SAN FRANCISCO -- The Astros used a peculiar rally -- scoring the tying run in the ninth inning on a two-out strikeout -- to extend the game, but it wasn't enough to keep them from extending two losing streaks.

Catcher Hector Sanchez singled home the winning run in the 12th inning on Saturday night, leading the Giants to a 3-2 victory over the Astros, who had tied the game when a potential game-ending strikeout got away from Sanchez.

It was the Astros' 12th consecutive road loss, the club's longest such streak since September 1996. They haven't won a road game since June 14 and have lost 12 of 13 games overall.

The Astros have also lost all nine of their extra-inning games this season.

"We had a chance to win," said Astros outfielder Justin Maxwell, who was at the core of the ninth-inning comeback. "It just shows a lot about this team, that we never give up."

Houston also lost shortstop and No. 3 hitter Jed Lowrie, who sprained his right ankle and injured his right knee on a collision at second base in the third inning. There was no immediate word on his prognosis. Lowrie said he underwent X-rays, but the results were not released by the club.
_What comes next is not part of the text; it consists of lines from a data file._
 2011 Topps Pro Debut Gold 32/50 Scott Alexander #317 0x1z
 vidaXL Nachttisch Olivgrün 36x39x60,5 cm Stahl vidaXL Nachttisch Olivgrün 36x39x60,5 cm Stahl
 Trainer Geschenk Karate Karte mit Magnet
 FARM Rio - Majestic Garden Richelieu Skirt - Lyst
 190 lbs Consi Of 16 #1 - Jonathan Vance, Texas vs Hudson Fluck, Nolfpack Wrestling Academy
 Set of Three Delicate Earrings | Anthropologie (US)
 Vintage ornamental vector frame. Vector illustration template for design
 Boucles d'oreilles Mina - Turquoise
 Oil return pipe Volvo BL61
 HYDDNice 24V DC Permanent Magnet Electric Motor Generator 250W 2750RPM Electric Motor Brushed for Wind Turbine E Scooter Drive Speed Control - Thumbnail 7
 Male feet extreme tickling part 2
Brett Myers, the Astros seventh pitcher of the night, gave up an infield hit to Pablo Sandoval to start the 12th inning. Angel Pagan singled Sandoval to second. Sanchez then singled past second baseman Jose Altuve, sending Sandoval home with the winner. It was Sanchez's fourth hit of the game.

The Astros trailed 2-0 going to the ninth, having been stymied by a resurgent Tim Lincecum over eight innings.

Facing Giants closer Santiago Casilla, J.D. Martinez struck out, then Scott Moore walked. Chris Johnson struck out. Maxwell then doubled into right-center, driving in Moore to make it 2-1.

Chris Snyder then struck out on a slider in the dirt, but the ball bounced about 20 feet to the left of Sanchez. He scrambled to pick up the ball and his throw to first pulled Brandon Belt off the bag. Sanchez was charged with an error, allowing Maxwell to score from second with the tying run.

"I was actually surprised he threw it," Maxwell said. "When I hit third I was making sure he threw it, and as soon as I saw the ball in the air I took off."

The Astros' late rally denied Lincecum a badly needed victory. The Giants' two-time Cy Young Award winner had been mysteriously ineffective most of the season, carrying a startling 3-10 record and 6.42 ERA into the game. Lincecum gave up five hits -- all singles -- in eight scoreless innings. He struck out 11.

"He's still got good stuff regardless of his record," Maxwell said. "You don't win two or three Cy Youngs by being average. Hats off to him. He did a good job." Meanwhile, Astros starter Lucas Harrell, who has mixed very good starts with shaky ones throughout his rookie season, was effective for most of his five innings. He held the Giants scoreless, matching zeroes with Lincecum, through four innings.

In the fifth, he got in trouble after he issued a leadoff walk to Lincecum. "That's not acceptable," Harrell said. "In that situation you have to throw it down the middle and see what happens."

Harrell then walked Gregor Blanco. A double-play grounder nearly got him out of the inning, but he gave up a two-out RBI single to Melky Cabrera, the MVP of the All-Star Game earlier in the week.

Harrell walked Buster Posey, but then he struck out Sandoval to escape with no further damage. That was all for Harrell, who was finished after throwing 104 pitches.

"I felt like that was the worst I've thrown the ball all year," Harrell said. "I didn't feel good, wasn't comfortable. I wasn't locating at all today."

The Giants scored against reliever Fernando Abad in the sixth. Pagan and Sanchez began the inning with consecutive doubles.

Although the Astros lost, manager Brad Mills at least took solace in their comeback.

"I thought we did a real good job in that ninth inning to battle back like we did," Mills said.